_Exercise_: For the material below, return exactly the lines starting at the line containing "Рост и цветение сорта Tangie" and ending at the line containing "Malebný Pohled Krásné", both ends included, and no others.

____

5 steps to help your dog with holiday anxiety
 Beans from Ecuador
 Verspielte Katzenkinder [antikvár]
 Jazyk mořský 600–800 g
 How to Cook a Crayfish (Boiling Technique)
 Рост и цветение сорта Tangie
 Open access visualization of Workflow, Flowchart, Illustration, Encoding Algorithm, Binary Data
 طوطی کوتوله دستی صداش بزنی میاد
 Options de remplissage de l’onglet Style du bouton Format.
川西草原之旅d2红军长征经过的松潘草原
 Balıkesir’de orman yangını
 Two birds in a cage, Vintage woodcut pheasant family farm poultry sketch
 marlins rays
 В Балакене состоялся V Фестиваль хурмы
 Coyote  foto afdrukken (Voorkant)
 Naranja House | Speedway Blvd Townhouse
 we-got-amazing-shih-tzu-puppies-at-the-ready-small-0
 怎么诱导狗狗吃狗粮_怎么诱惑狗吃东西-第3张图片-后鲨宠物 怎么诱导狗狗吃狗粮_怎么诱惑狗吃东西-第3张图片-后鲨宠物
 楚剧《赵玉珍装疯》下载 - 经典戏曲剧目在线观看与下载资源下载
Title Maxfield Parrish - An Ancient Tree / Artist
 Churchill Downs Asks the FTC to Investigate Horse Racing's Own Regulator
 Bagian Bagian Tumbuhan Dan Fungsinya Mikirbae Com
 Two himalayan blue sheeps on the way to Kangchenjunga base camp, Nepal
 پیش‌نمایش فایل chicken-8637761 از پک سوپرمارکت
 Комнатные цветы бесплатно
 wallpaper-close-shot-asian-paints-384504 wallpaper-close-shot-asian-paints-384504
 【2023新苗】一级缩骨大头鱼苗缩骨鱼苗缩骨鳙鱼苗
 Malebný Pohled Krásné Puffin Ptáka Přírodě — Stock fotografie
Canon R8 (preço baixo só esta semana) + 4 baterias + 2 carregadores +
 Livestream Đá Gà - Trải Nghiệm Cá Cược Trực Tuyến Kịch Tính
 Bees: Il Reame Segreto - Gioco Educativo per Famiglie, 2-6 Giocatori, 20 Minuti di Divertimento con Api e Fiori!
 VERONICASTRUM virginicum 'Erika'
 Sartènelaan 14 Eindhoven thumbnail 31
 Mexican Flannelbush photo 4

____

_Response box_:
 Рост и цветение сорта Tangie
 Open access visualization of Workflow, Flowchart, Illustration, Encoding Algorithm, Binary Data
 طوطی کوتوله دستی صداش بزنی میاد
 Options de remplissage de l’onglet Style du bouton Format.
川西草原之旅d2红军长征经过的松潘草原
 Balıkesir’de orman yangını
 Two birds in a cage, Vintage woodcut pheasant family farm poultry sketch
 marlins rays
 В Балакене состоялся V Фестиваль хурмы
 Coyote  foto afdrukken (Voorkant)
 Naranja House | Speedway Blvd Townhouse
 we-got-amazing-shih-tzu-puppies-at-the-ready-small-0
 怎么诱导狗狗吃狗粮_怎么诱惑狗吃东西-第3张图片-后鲨宠物 怎么诱导狗狗吃狗粮_怎么诱惑狗吃东西-第3张图片-后鲨宠物
 楚剧《赵玉珍装疯》下载 - 经典戏曲剧目在线观看与下载资源下载
Title Maxfield Parrish - An Ancient Tree / Artist
 Churchill Downs Asks the FTC to Investigate Horse Racing's Own Regulator
 Bagian Bagian Tumbuhan Dan Fungsinya Mikirbae Com
 Two himalayan blue sheeps on the way to Kangchenjunga base camp, Nepal
 پیش‌نمایش فایل chicken-8637761 از پک سوپرمارکت
 Комнатные цветы бесплатно
 wallpaper-close-shot-asian-paints-384504 wallpaper-close-shot-asian-paints-384504
 【2023新苗】一级缩骨大头鱼苗缩骨鱼苗缩骨鳙鱼苗
 Malebný Pohled Krásné Puffin Ptáka Přírodě — Stock fotografie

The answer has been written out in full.